____ LISTED RECORDS
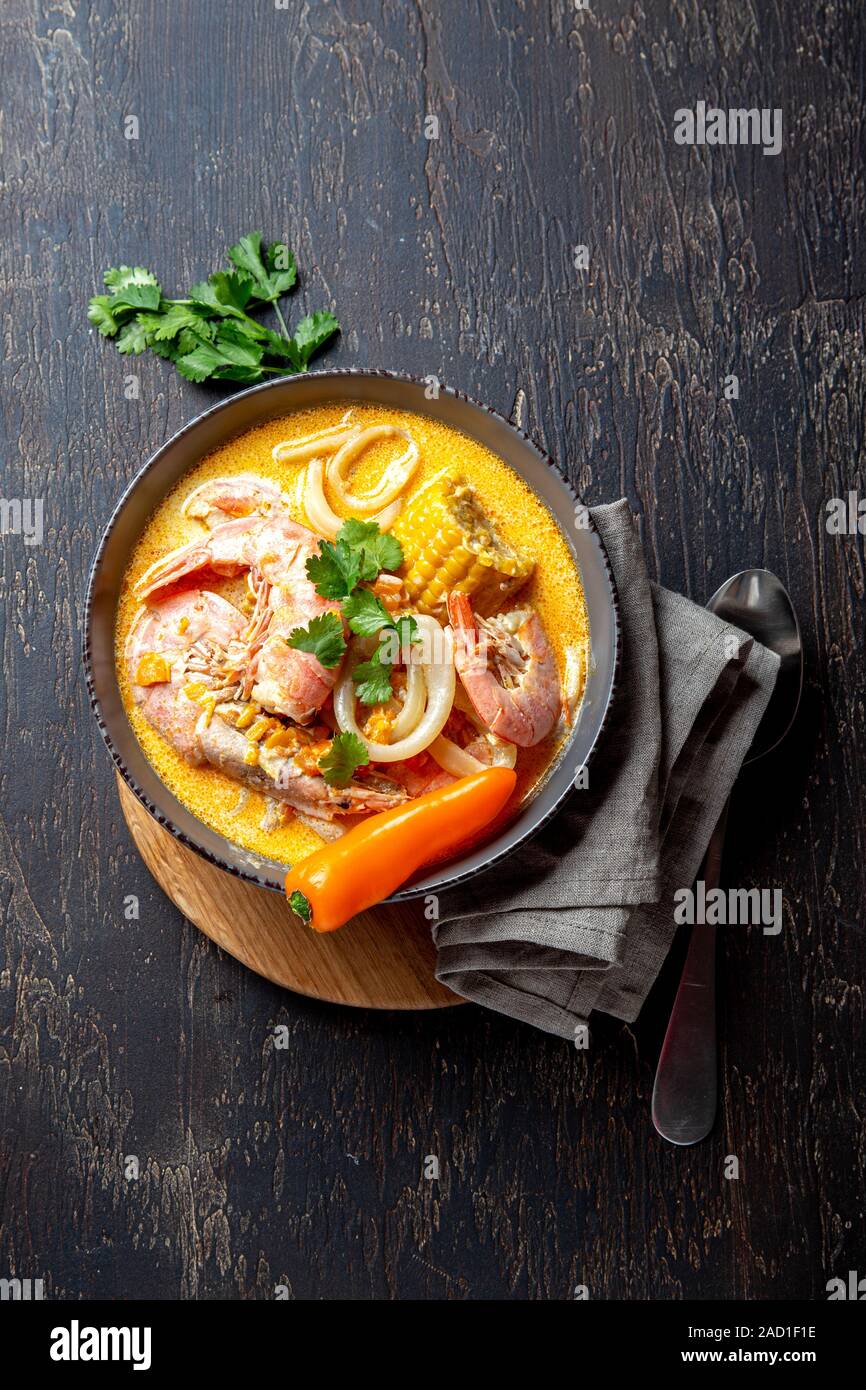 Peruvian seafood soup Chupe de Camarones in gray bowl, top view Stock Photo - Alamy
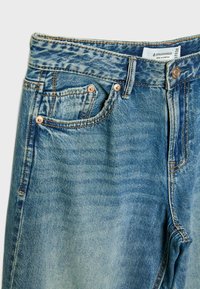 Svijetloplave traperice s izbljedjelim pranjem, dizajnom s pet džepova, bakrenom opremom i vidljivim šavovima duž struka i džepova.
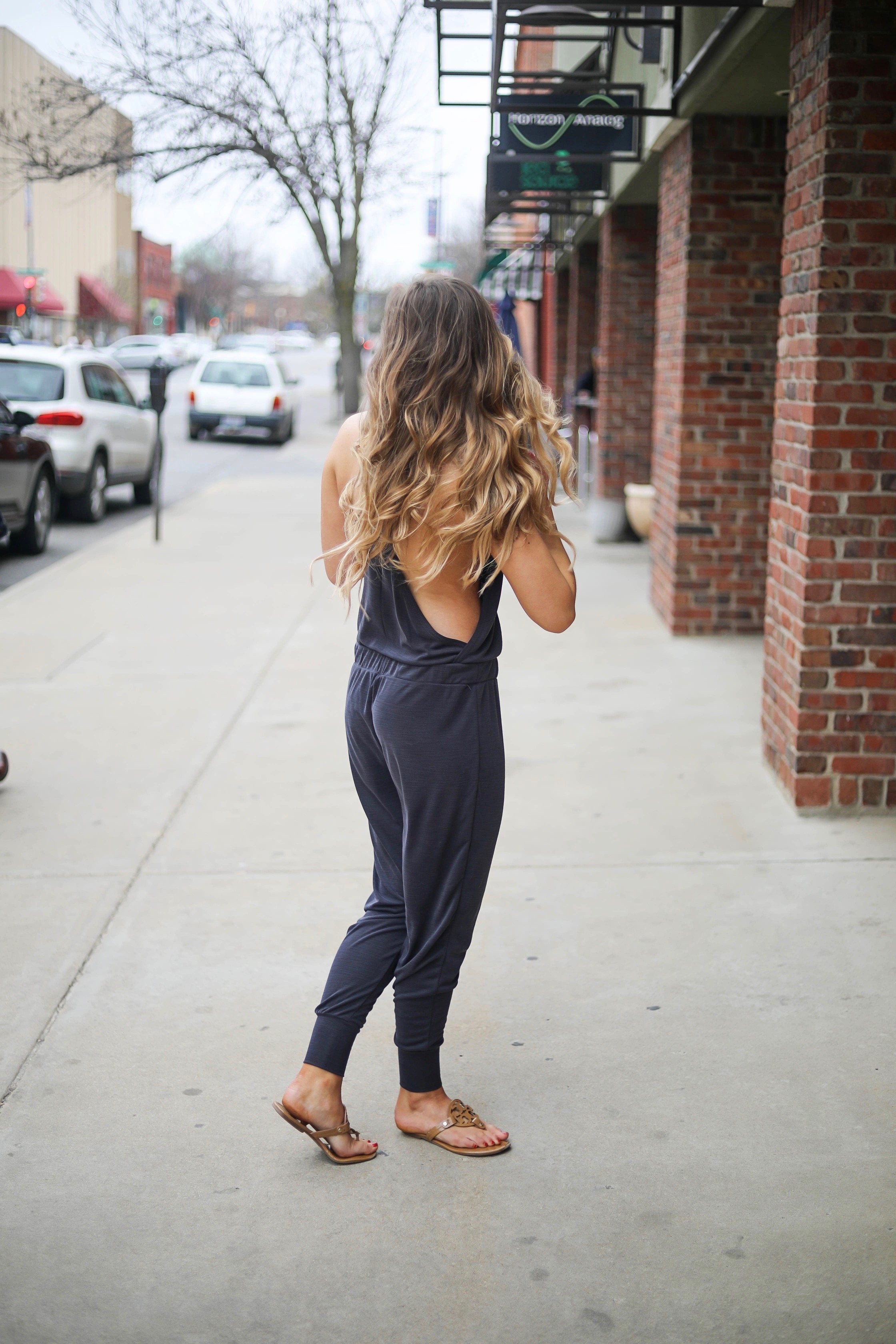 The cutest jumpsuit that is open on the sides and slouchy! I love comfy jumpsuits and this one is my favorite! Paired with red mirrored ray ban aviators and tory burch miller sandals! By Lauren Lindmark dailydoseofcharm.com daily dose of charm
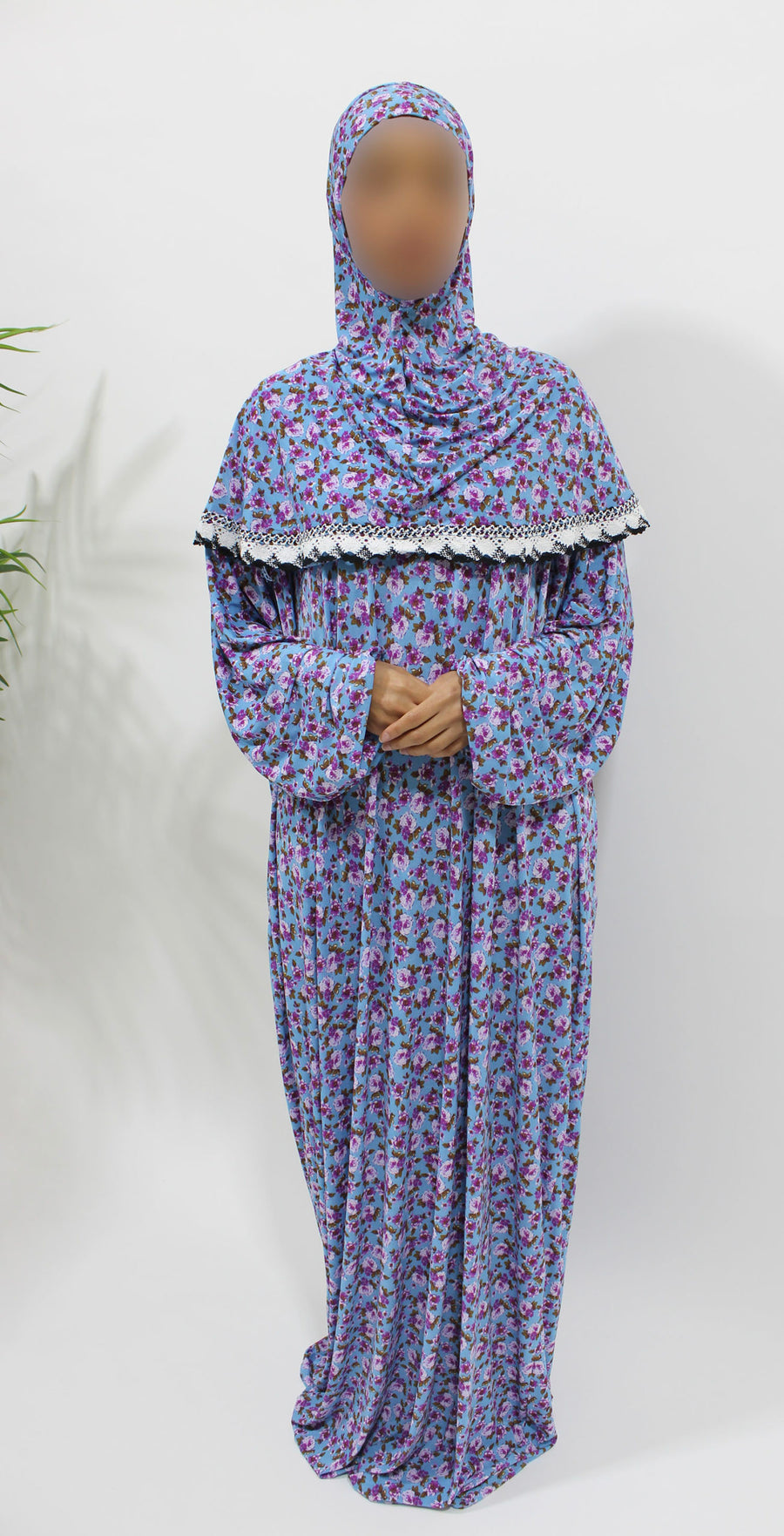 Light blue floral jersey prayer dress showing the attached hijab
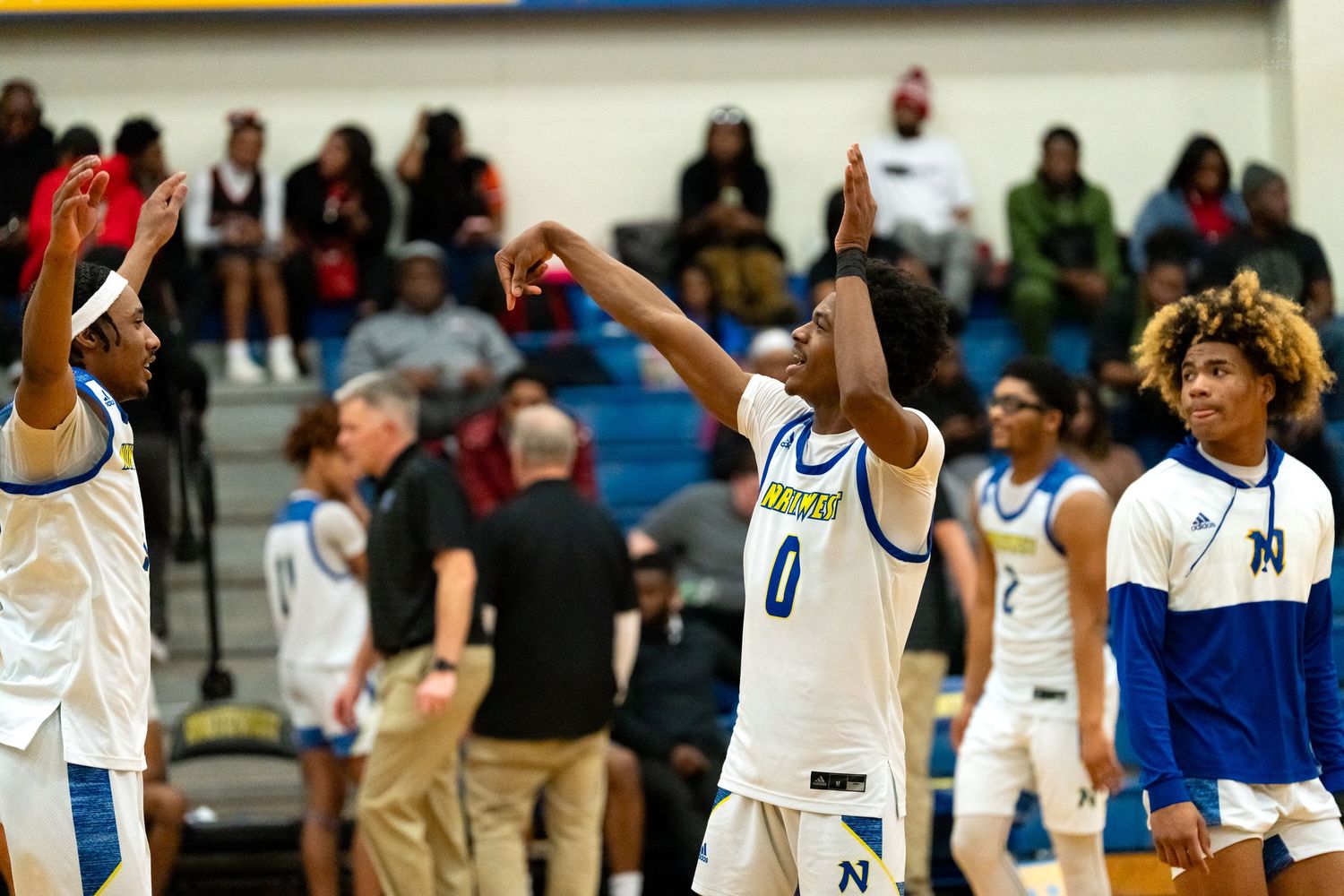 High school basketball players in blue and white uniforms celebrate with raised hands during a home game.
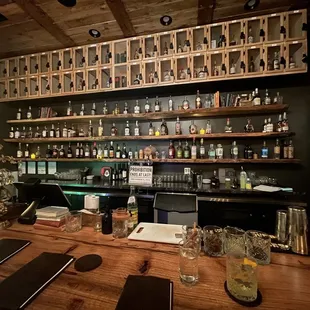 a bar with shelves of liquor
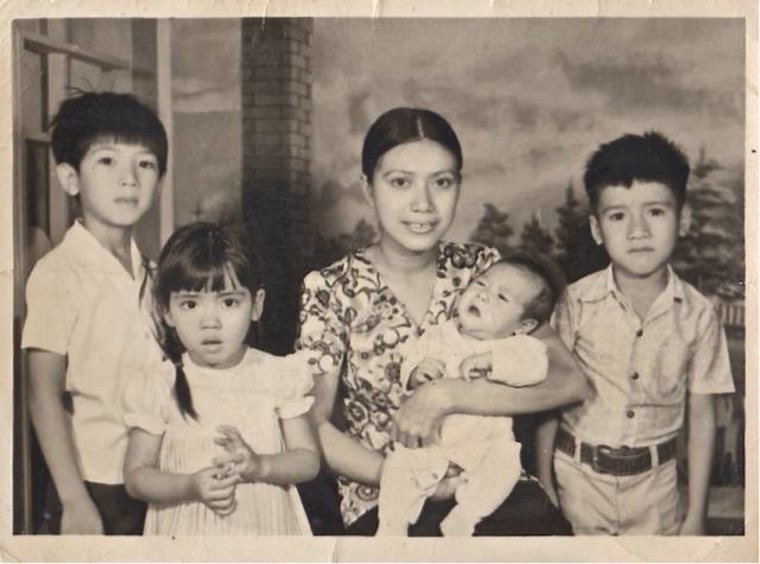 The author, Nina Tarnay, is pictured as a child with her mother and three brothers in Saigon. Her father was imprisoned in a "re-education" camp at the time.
________
_THE PROBLEM_
Would you reproduce the lines above, from the very first through the line containing "The cutest jumpsuit", exactly and without the pictures?

_SOLUTION FOR THIS PROBLEM_
 Peruvian seafood soup Chupe de Camarones in gray bowl, top view Stock Photo - Alamy
 Svijetloplave traperice s izbljedjelim pranjem, dizajnom s pet džepova, bakrenom opremom i vidljivim šavovima duž struka i džepova.
 The cutest jumpsuit that is open on the sides and slouchy! I love comfy jumpsuits and this one is my favorite! Paired with red mirrored ray ban aviators and tory burch miller sandals! By Lauren Lindmark dailydoseofcharm.com daily dose of charm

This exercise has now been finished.